İbrahim Kalın’ın seslendirdiği ‘Metruk’ türküsünün hikayesi!

GuzzeL

Global Mod
Global Mod
Cumhurbaşkanlığı Sözcüsü İbrahim Kalın, Ümit Yılmaz’la birlikte seslendirdiği ‘Metruk’ türküsünün dokunaklı öyküsünü birinci defa deklare etti.



İnsanın içine işleyen ve binlerce kişi tarafınca beğenilerek dinlenen ‘Metruk’ türküsünün öyküsü de bir öyküyü yaşatıyor. İbrahim Kalın, toplumsal medya hesabından türkünün kendisinde yaşattığı manası şu sözlerle anlattı:


Köy mimarisinin betonarme yapılaşmaya yenildiği bir yerde çıktı karşıma.

Terkedilmiş bir köy meskeni.
Bir göz penceresinin önüne çekilmiş dikenli teller.
Duvarında çatlaklar, çatısında otlar.
Alın yazısını andıran derin çizgileriyle kerpiç duvar.

Makine elimde öylece baktım ona. Bir şeyler anlatmak ister üzereydi. Anılar, şahitlikler, yaşanmışlıklar…

Fotoğrafın sureti vizörüme yansımadan evvel manası zihnime ve kalbime zuhur etti.

Kimi fotoğraflar çekilmez, verilir.

Aldım ve kabul ettim.

Sevgili Ümit Ümit Yılmaz.fotoğraftan ilham alarak bir beste yaptığını söylemiş oldu. Enfes bestesini dinleyince “Bazı besteler yapılmaz, verilir” dedim.
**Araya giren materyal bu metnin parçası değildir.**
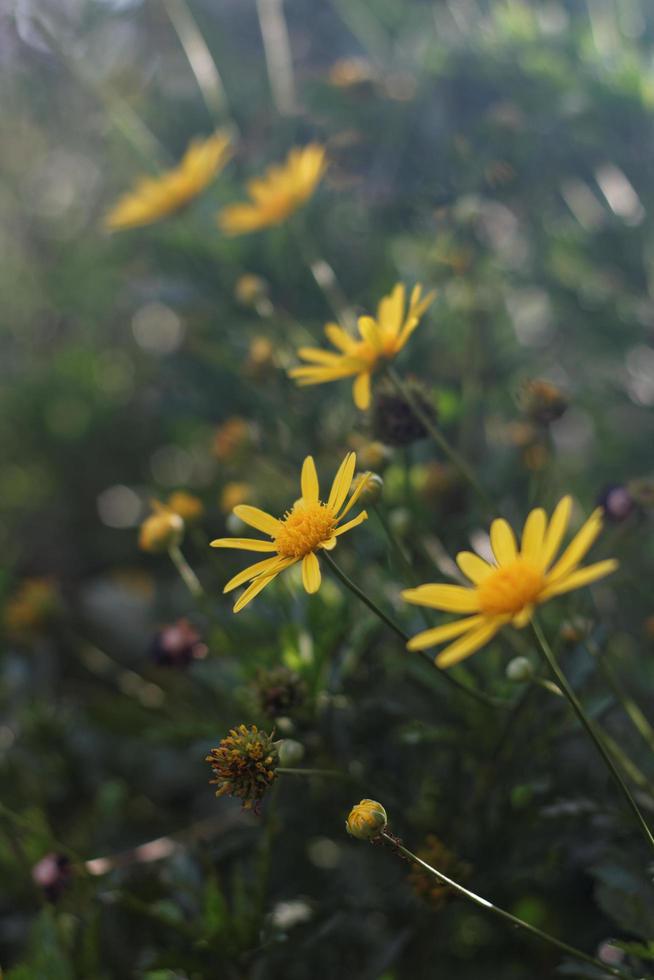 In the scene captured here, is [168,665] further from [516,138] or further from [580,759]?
[516,138]

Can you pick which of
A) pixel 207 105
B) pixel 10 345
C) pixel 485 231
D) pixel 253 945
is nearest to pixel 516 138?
pixel 485 231

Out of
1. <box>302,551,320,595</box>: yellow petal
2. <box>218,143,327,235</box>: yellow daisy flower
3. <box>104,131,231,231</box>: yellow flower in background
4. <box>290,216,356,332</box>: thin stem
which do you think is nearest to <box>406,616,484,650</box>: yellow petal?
<box>302,551,320,595</box>: yellow petal

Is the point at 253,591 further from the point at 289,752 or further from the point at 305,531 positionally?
the point at 289,752

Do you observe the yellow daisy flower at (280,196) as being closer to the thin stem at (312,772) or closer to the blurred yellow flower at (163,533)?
the blurred yellow flower at (163,533)

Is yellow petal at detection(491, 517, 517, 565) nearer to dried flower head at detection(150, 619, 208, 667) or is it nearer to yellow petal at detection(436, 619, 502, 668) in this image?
yellow petal at detection(436, 619, 502, 668)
Devamında bestenin kelamlarını yazdım. Bir hal ve an fotoğrafa, fotoğraf besteye, beste kelama, kelam yapıta dönüştü.

Metruk’a, öbür fotoğraflarım eşlik etti. El ele verdiler. bir arada türkü oldular.

Biz nasibimize sadelik düşsün diye dua ettik daima.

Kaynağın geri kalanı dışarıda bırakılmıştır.